A Review of Named Entity Recognition (NER) Using Automatic Summarization of Resumes

Mohan Gupta
Towards Data Science
11 min readJul 9, 2018

--

Understand what NER is and how it is used in the industry, various libraries for NER, code walk through of using NER for resume summarization.

This blog speaks about a field in Natural language Processing (NLP) and Information Retrieval (IR) called Named Entity Recognition and how we can apply it for automatically generating summaries of resumes by extracting only chief entities like name, education background, skills, etc.

What is Named Entity Recognition?

Named-entity recognition (NER) (also known as entity identification, entity chunking and entity extraction) is a sub-task of information extraction that seeks to locate and classify named entities in text into pre-defined categories such as the names of persons, organizations, locations, expressions of times, quantities, monetary values, percentages, etc.

NER systems have been created that use linguistic grammar-based techniques as well as statistical models such as machine learning.

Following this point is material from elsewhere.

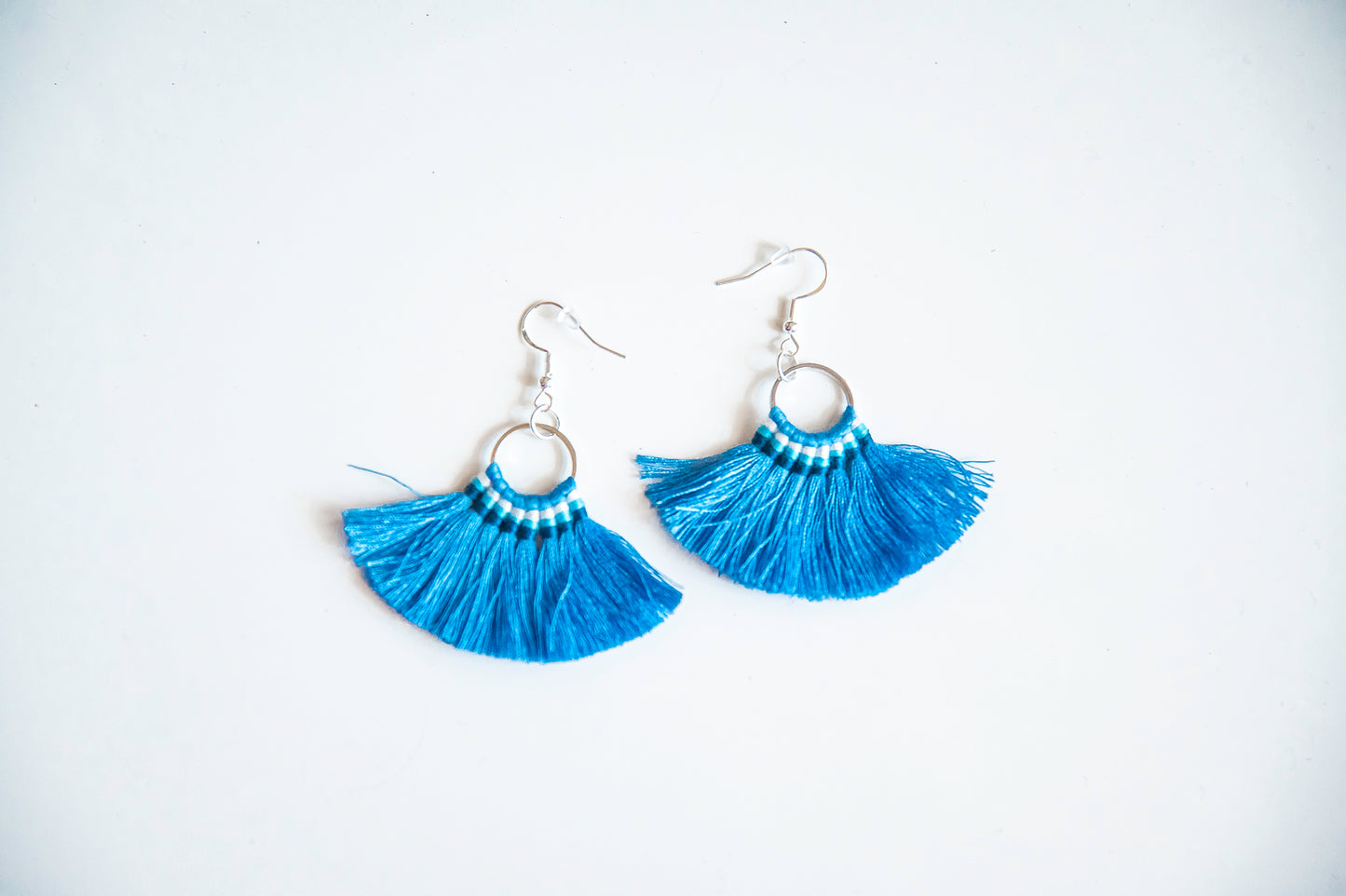 White or Blue Boho Thread Tassel Earrings with Silver Hypoallergenic Hooks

Hand-crafted grammar-based systems typically obtain better precision, but at the cost of lower recall and months of work by experienced computational linguists . Statistical NER systems typically require a large amount of manually annotated training data. Semi-supervised approaches have been suggested to avoid part of the annotation effort.

State-of-the-Art NER Models

spaCy NER Model :

Being a free and an open-source library, spaCy has made advanced Natural Language Processing (NLP) much simpler in Python.

spaCy provides an exceptionally efficient statistical system for named entity recognition in python, which can assign labels to groups of tokens which are contiguous. It provides a default model which can recognize a wide range of named or numerical entities, which include company-name, location, organization, product-name, etc to name a few. Apart from these default entities, spaCy enables the addition of arbitrary classes to the entity-recognition model, by training the model to update it with newer trained examples.

Model Architecture :

The statistical models in spaCy are custom-designed and provide an exceptional performance mixture of both speed, as well as accuracy. The current architecture used has not been published yet, but the following video gives an overview as to how the model works with primary focus on NER model.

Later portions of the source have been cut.